#### [How to complete this task]
The entries below contain pictures, which are to be left out; write out exactly, and only, the lines from the line with "Guérir de la" up to and including the line with "hörande till Biographica".

++++ Data

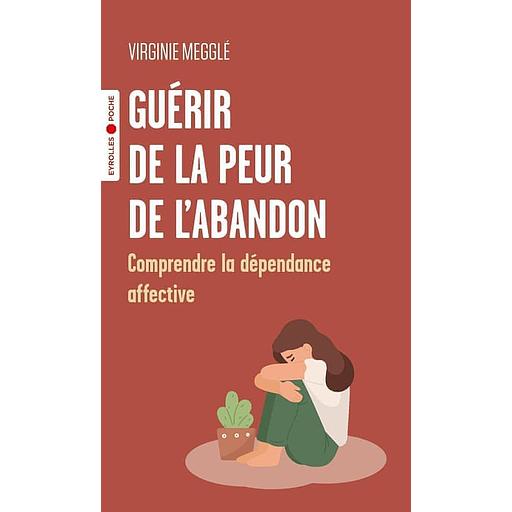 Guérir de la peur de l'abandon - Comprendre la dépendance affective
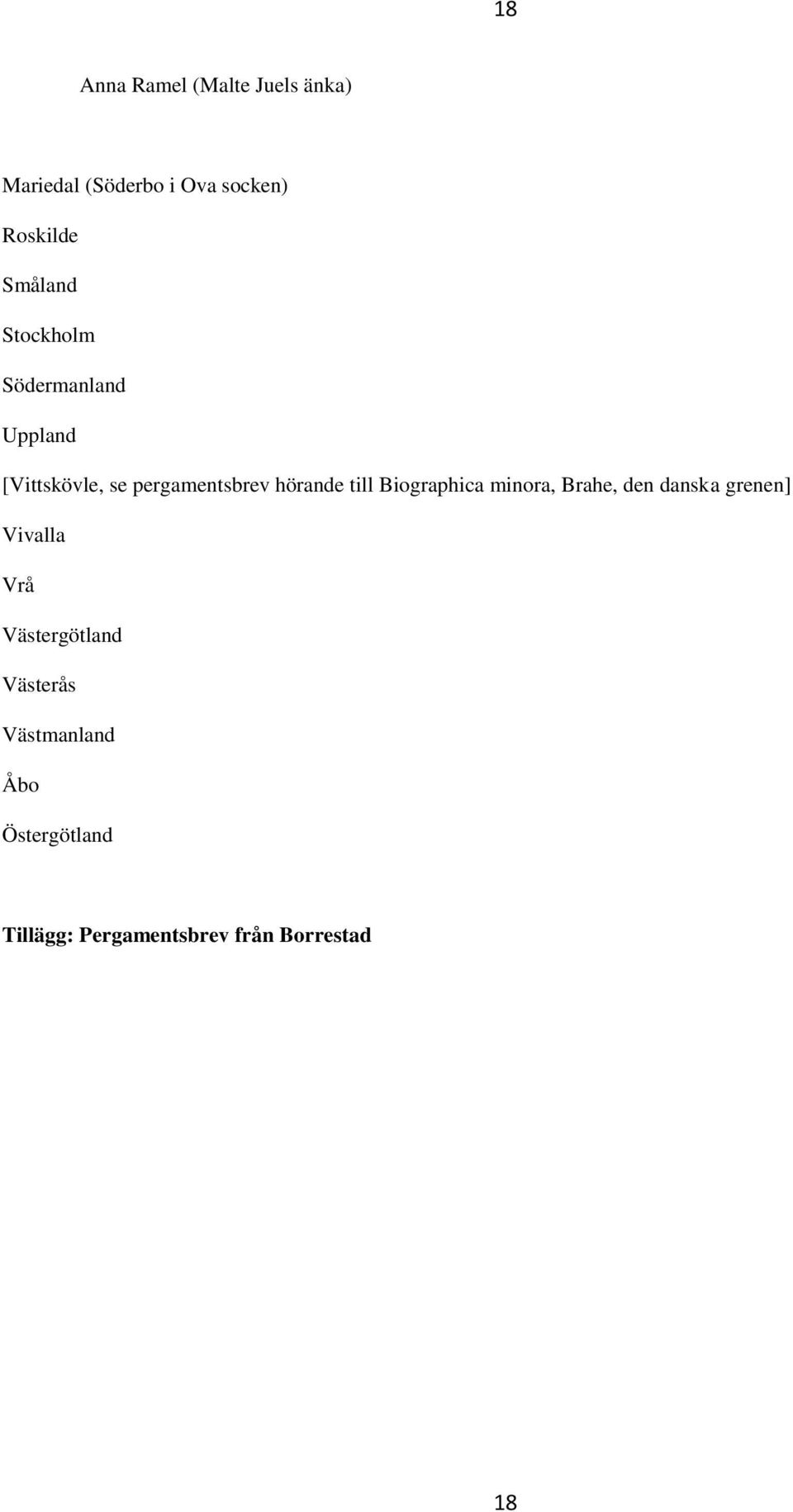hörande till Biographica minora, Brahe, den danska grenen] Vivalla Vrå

++++++++
++++ Data

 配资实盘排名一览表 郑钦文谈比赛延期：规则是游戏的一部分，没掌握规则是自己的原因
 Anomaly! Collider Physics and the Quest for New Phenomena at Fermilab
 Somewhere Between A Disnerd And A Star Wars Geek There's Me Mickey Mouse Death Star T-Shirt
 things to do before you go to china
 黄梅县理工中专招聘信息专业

++++++++

#### [Expected answer]
 Guérir de la peur de l'abandon - Comprendre la dépendance affective
hörande till Biographica minora, Brahe, den danska grenen] Vivalla Vrå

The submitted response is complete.